Dynamic filter, sort & pagination

List endpoints support filtering, sorting, and pagination — built dynamically in app code from the query params, with sane defaults (no page → 1, no limit → 10, no sort → created_at DESC). At the SQL level:

Filter with ILIKE — case-insensitive pattern match. WHERE u.full_name ILIKE $1 || '%' matches names starting with a letter regardless of case.
Sort from an allow-list of columns the client may sort by (full_name, email, created_at) plus a direction.
Paginate with LIMIT + OFFSET. Note: the API's page 1 maps to database OFFSET 0 — the offset is zero-based.

list with filter + sort + pagination

SELECT u.*, to_jsonb(up.*) AS profile
FROM users u
LEFT JOIN user_profiles up ON u.id = up.user_id
WHERE u.full_name ILIKE $1 || '%'   -- filter: names starting with $1 (case-insensitive)
ORDER BY u.created_at DESC           -- sort (column from an allow-list, direction chosen)
LIMIT $2 OFFSET $3;                  -- page 1 → OFFSET 0, page 2 → OFFSET (limit), ...

Indexes

Indexes are the biggest performance lever you have, and they're best understood through the book analogy. A book's index lists each chapter and its page number, so to reach chapter 4 you don't flip through 50 pages one by one — you look it up and jump straight there.

The problem: sequential scan

Remember databases store rows scattered across the disk, not in neat order. Without an index, finding one task by ID means a sequential scan: the database checks row after row, location after location, until it finds a match. With six rows that's instant; with a million or a billion rows it's painfully slow.

Sequential scan vs index lookup

The solution: a lookup table

An index is essentially a separate, ordered lookup table mapping each indexed value to the disk location of its row. Query by an indexed field and the database scans this compact, sorted structure (internally a B-tree), finds the entry fast, reads the location, and jumps straight to the row — no full scan. Two properties matter:

Direct lookup — value → location, instead of checking every row.
Order — an index can be ascending or descending. If you frequently run ORDER BY created_at DESC, build the index descending so the rows come back already in order, with no extra sort step.

When to create an index

The rule of thumb — index a column when it's used in a WHERE clause, a JOIN condition, or an ORDER BY. One important detail: primary keys are auto-indexed, but foreign keys are not — so foreign keys you join on (like tasks.project_id, tasks.assigned_to) are prime index candidates.
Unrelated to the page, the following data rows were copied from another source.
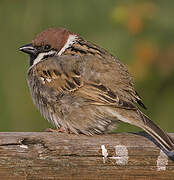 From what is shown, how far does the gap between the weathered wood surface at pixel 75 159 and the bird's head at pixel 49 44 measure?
3.42 feet

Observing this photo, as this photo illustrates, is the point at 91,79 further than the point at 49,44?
No

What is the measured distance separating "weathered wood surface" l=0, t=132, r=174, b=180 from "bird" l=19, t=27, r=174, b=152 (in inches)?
22.6

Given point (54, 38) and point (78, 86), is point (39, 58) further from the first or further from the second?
point (78, 86)

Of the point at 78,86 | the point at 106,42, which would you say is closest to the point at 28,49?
the point at 78,86

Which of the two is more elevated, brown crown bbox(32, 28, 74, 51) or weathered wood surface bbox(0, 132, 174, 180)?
brown crown bbox(32, 28, 74, 51)

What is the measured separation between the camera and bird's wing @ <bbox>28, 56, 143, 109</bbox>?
314 centimetres

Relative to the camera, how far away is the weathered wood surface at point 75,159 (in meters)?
2.31

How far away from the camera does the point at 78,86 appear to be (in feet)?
10.6

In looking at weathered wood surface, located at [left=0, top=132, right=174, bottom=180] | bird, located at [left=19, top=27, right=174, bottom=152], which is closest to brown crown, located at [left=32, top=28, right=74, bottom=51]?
bird, located at [left=19, top=27, right=174, bottom=152]

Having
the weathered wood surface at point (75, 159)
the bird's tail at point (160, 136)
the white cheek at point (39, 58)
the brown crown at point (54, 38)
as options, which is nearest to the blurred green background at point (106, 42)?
the white cheek at point (39, 58)

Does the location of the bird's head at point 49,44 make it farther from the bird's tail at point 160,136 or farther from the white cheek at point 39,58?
the bird's tail at point 160,136

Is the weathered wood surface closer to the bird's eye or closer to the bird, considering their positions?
the bird

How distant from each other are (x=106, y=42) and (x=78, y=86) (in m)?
0.92

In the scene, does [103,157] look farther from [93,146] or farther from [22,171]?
[22,171] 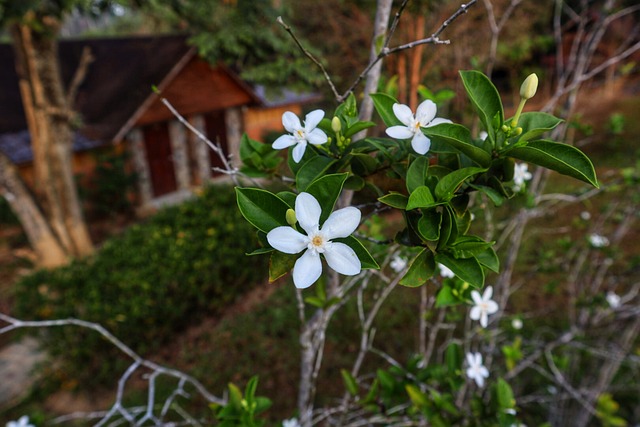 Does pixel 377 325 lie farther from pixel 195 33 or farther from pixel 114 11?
pixel 195 33

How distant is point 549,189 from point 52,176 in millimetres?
7926

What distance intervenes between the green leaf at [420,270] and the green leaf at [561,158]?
0.24 m

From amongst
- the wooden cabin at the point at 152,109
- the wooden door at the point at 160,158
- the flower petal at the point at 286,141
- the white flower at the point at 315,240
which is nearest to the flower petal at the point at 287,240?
the white flower at the point at 315,240

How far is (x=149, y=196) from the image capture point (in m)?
8.22

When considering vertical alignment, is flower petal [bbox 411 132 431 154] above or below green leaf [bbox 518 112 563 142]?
below

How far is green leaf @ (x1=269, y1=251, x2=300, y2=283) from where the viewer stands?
0.69 metres

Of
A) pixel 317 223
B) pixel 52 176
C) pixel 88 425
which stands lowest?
pixel 88 425

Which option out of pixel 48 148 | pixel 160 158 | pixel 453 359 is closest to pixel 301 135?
pixel 453 359

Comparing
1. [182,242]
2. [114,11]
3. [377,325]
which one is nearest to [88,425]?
[182,242]

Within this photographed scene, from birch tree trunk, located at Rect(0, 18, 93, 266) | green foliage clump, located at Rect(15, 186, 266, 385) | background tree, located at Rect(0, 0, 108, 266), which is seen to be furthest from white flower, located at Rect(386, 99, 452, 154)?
birch tree trunk, located at Rect(0, 18, 93, 266)

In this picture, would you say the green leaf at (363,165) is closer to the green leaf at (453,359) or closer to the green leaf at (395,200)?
the green leaf at (395,200)

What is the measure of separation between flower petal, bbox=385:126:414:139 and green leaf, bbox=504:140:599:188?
0.19 m

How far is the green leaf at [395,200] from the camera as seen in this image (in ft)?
2.36

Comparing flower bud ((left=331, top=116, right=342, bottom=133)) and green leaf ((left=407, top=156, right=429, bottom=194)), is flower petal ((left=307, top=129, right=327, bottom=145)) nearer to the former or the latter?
flower bud ((left=331, top=116, right=342, bottom=133))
Walking the actual reasoning behind each index in our schema makes the rule concrete:

users.email → there's a "find user by email" lookup and joins on email, so it appears in WHERE/JOIN → index it.
users.created_at DESC → the list-users API sorts newest-first by default and is called constantly, so index it descending to match the ORDER BY exactly.
tasks.project_id → "fetch all tasks of a project" joins projects to tasks on this foreign key. The projects.id side is the primary key (already indexed), but project_id here is a foreign key and isn't — so index it.
tasks.assigned_to → "fetch all tasks for a user" joins on this foreign key. Same logic — foreign key, not auto-indexed, used in a join → index it.
tasks.status → "fetch all pending tasks" filters on status in a WHERE clause → index it.
tasks.created_at DESC → the list-tasks API sorts newest-first → index descending.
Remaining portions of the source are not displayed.